Exercise aim => Only lines that contain the word "white" belong in the answer; copy them from the records below.

Data provided =>

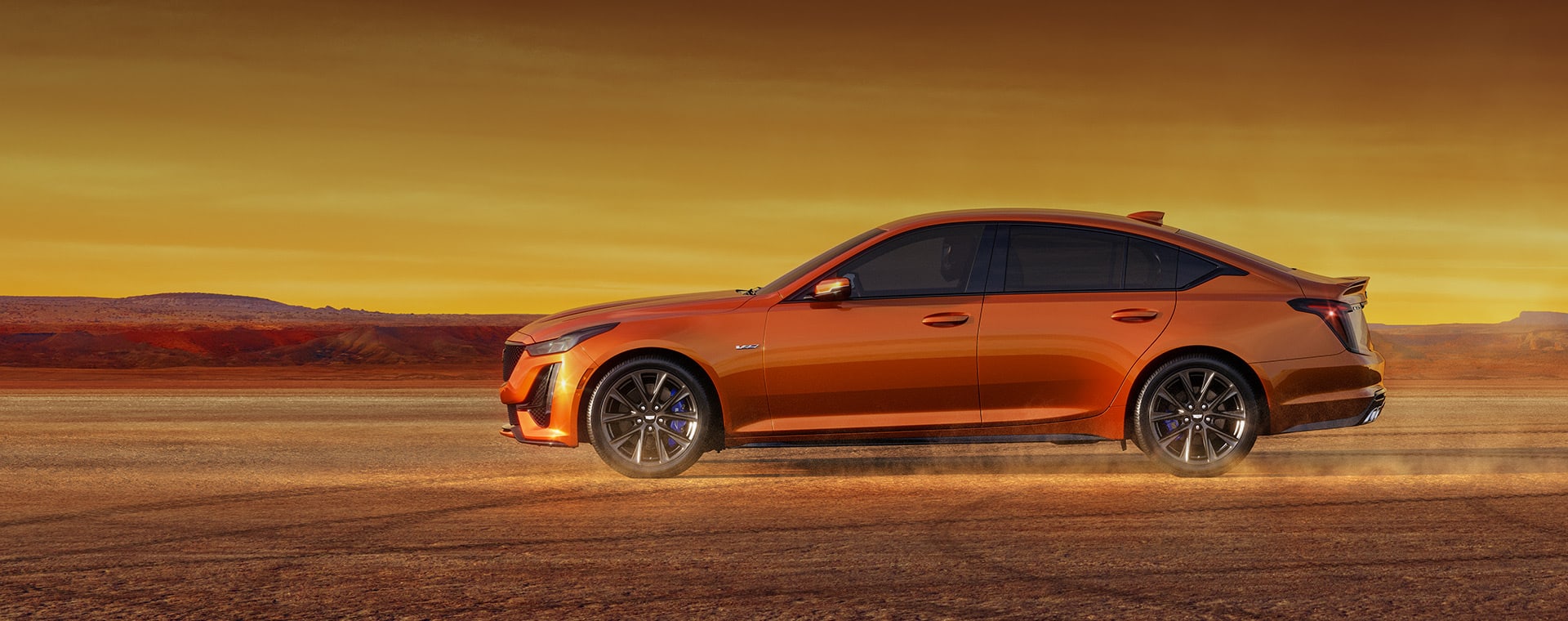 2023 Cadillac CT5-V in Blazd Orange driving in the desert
...
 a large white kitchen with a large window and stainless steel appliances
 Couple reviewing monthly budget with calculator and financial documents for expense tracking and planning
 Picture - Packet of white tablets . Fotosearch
* * *
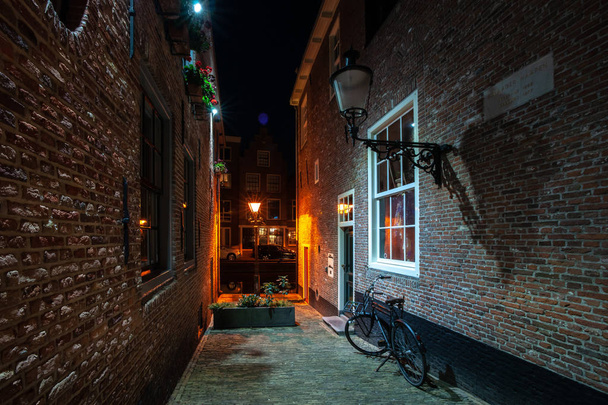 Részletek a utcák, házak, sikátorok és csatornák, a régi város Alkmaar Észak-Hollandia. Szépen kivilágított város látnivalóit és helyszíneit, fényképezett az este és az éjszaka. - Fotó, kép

Output for this task =>
 a large white kitchen with a large window and stainless steel appliances
 Picture - Packet of white tablets . Fotosearch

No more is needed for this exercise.